Lucas Lynch - I finally caught some of the speeches from McCain's...
"I finally caught some of the speeches from McCain's funeral.
People keep talking about how those speaking at the funeral appealed to decency and a sense of transcending party that Trump has supposedly destroyed, painting a nostalgic picture of just how supposedly civil and decent the previous era was, in huge contrast to how crude and barbaric our current era is.
In terms of personalities and personal interactions, I think this has some merit.
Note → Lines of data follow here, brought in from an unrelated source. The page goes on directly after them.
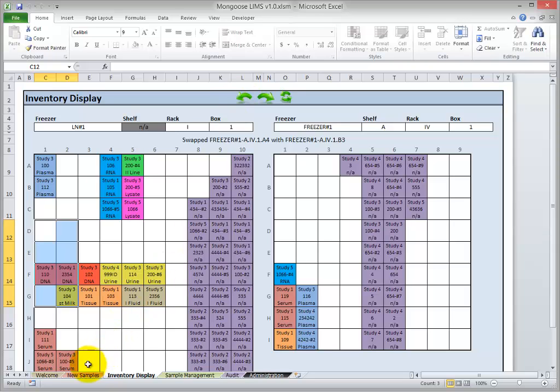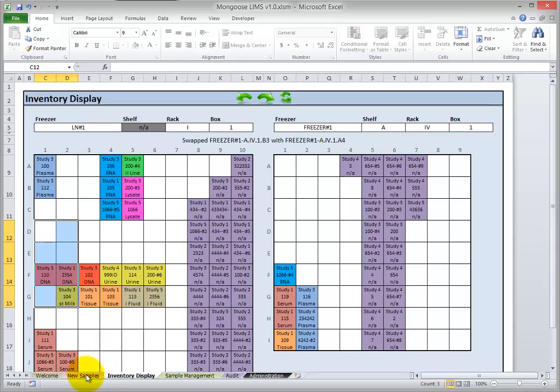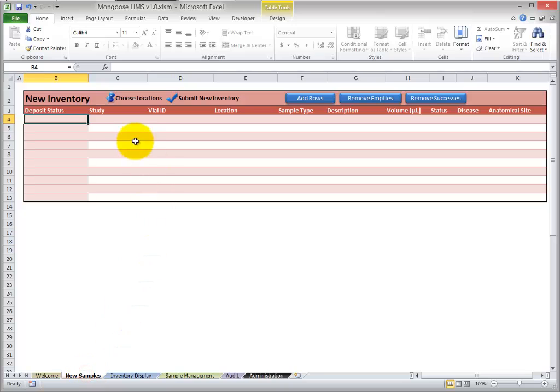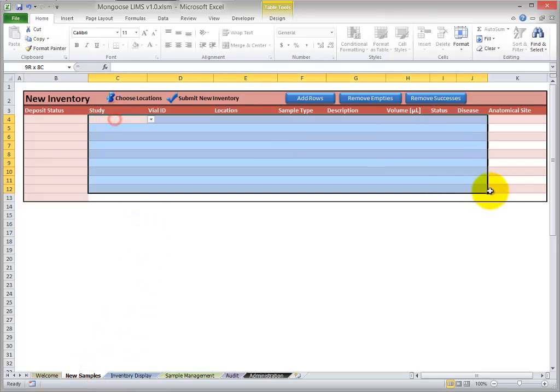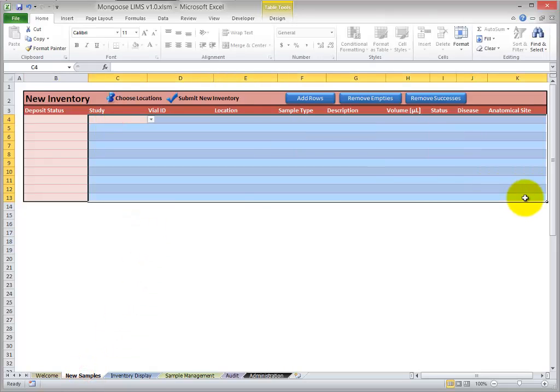Let's move over to the New Samples module. So all you do is place information for the new samples here and click Submit.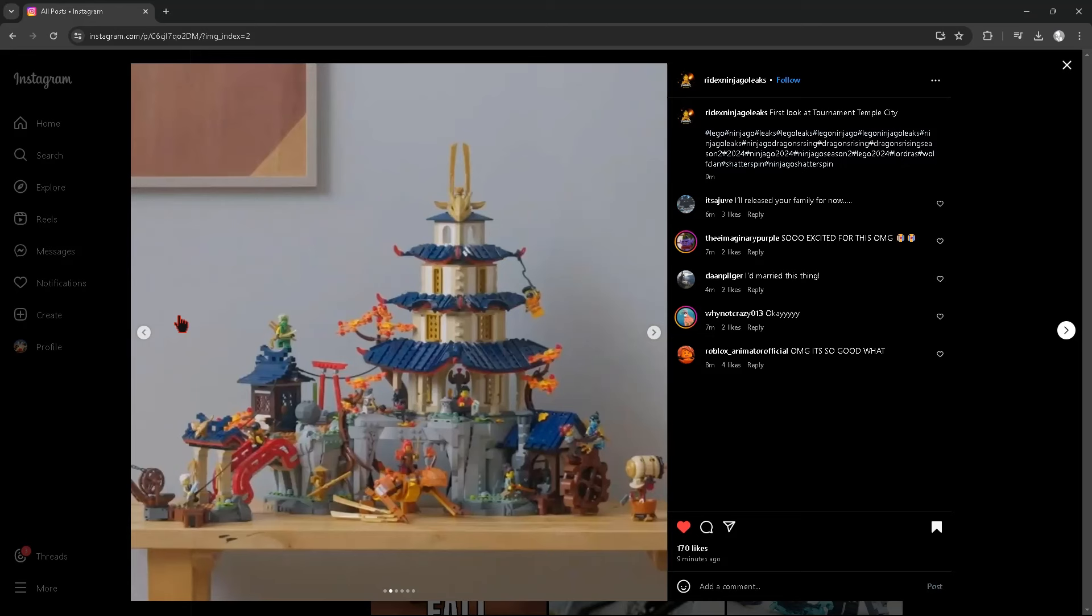I really love how it captures—I love the tower. It kind of captures a bit of the Cloud Kingdom. Kind of reminds me of it. But what do you guys think?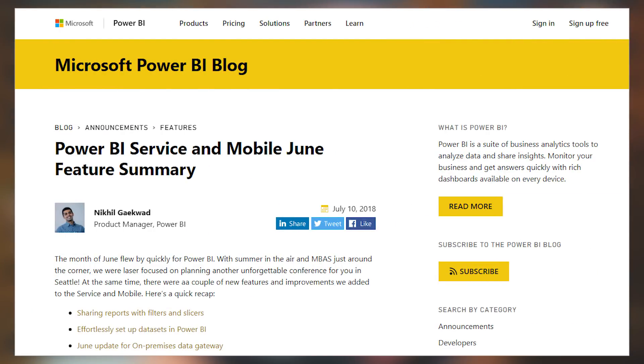We got the June feature summary for both the Power BI service, Gateway, and Mobile. This update had a few things that were interesting. First off is the fact that we can now share reports with slicers and filter information, so when I share a report with a user, whatever filters and slicers I had selected, they're going to see that selection as well — which is very cool. We also had an update earlier in June talking about changes to configuring datasets and gateways inside of the service, making it more streamlined and easier to set up. Be sure to check out the link down below to see everything that came out for the service, gateway, and mobile device.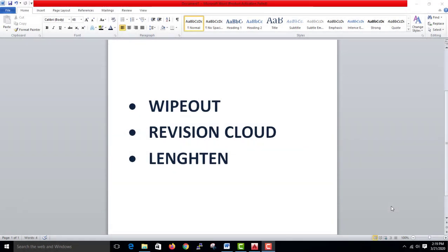Hi Twins! In this video, we are going to cover three topics: Wipeout, Revision Cloud, and Lengthen.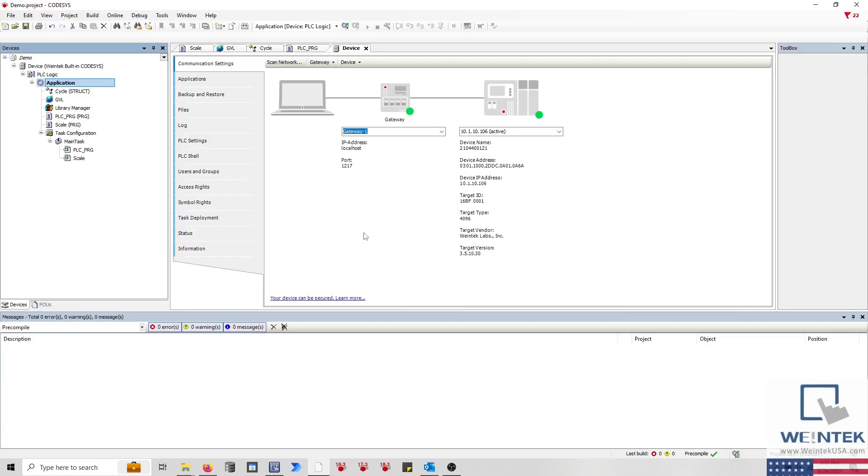Today's tip: how to import a CODESYS tag file into EasyBuilder Pro. Since the HMI and CODESYS are programmed using separate IDEs, you'll need to generate and import a tag file in order to access CODESYS variables within EasyBuilder Pro.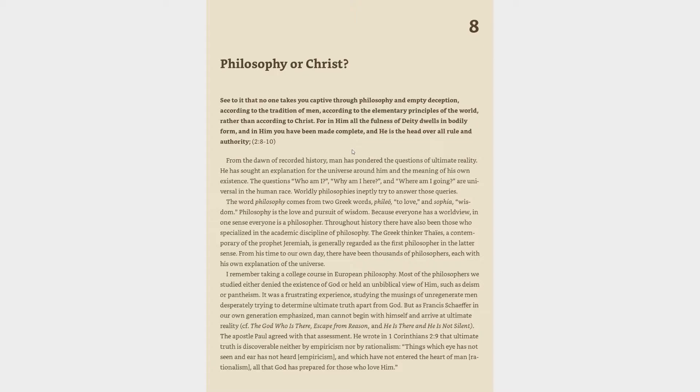Philosophy or Christ. See to it that no one takes you captive through philosophy and empty deception, according to the tradition of men, according to the elementary principles of the world, rather than according to Christ. For in him all the fullness of deity dwells in bodily form, and in him you have been made complete, and he is the head over all rule and authority. Colossians 2:8-10.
But I had to think about the war records of some of the people there - Kissinger, Lieberman, Bush, Cheney, the Clintons, McConnell, Boehner, Ryan, Biden, and to a lesser extent, but still worth considering, Obama - and contrast them with Trump, who by comparison has a much less interventionist foreign policy and, thus far, a fraction of the body count. (Of course, keeping in mind that it's still early, and he could very well surpass all of them yet).
The other thing that struck me was when George W. Bush spoke of how McCain 'stood up for the little guy'. I don't see how McCain, Bush, Lieberman, Gore, and the Clintons didn't all buy in wholeheartedly to the economic regime that over the past several decades did nothing but decimate the little guy. The kind of small-town landscape that Trump exploited didn't come from nowhere - it came from a series of conscious economic decisions, from Reagan onward, that saw the weakening of our unions, the outsourcing of jobs, and selling off the heart of our real economy to the lowest bidder. Add in the inevitability of automation - which no party has yet to address in a meaningful way - and you have a perfect cocktail of opioid-fueled despair just waiting for a theatrical demagogue to exploit.
So I do wonder to an extent if our own definitions of civility and decency are warped. Of course the types of petty fights and personal attacks Trump engages in are beneath the office, but they are not the hundreds of thousands of unnecessary dead in Fallujah and Baghdad, Cambodia and Vietnam, and they are not the downfall of communities like Youngstown or Toledo Ohio. Perhaps the indecency has really been with us all along, coming to us with Patriotic faces and draped in the flag. Perhaps Trump is actually just the naked uncovering of this indecency, finally unmasked and honest about itself, not pretending to be virtuous as it adds Twitter feuds and petty insults to its repertoire.
Many in that audience believe themselves above the current fray. I wonder how many of them were actually creating the fray without realizing it, and how much more self reflection is necessary to understand the necessity of contrasting themselves with a monster of their own creation."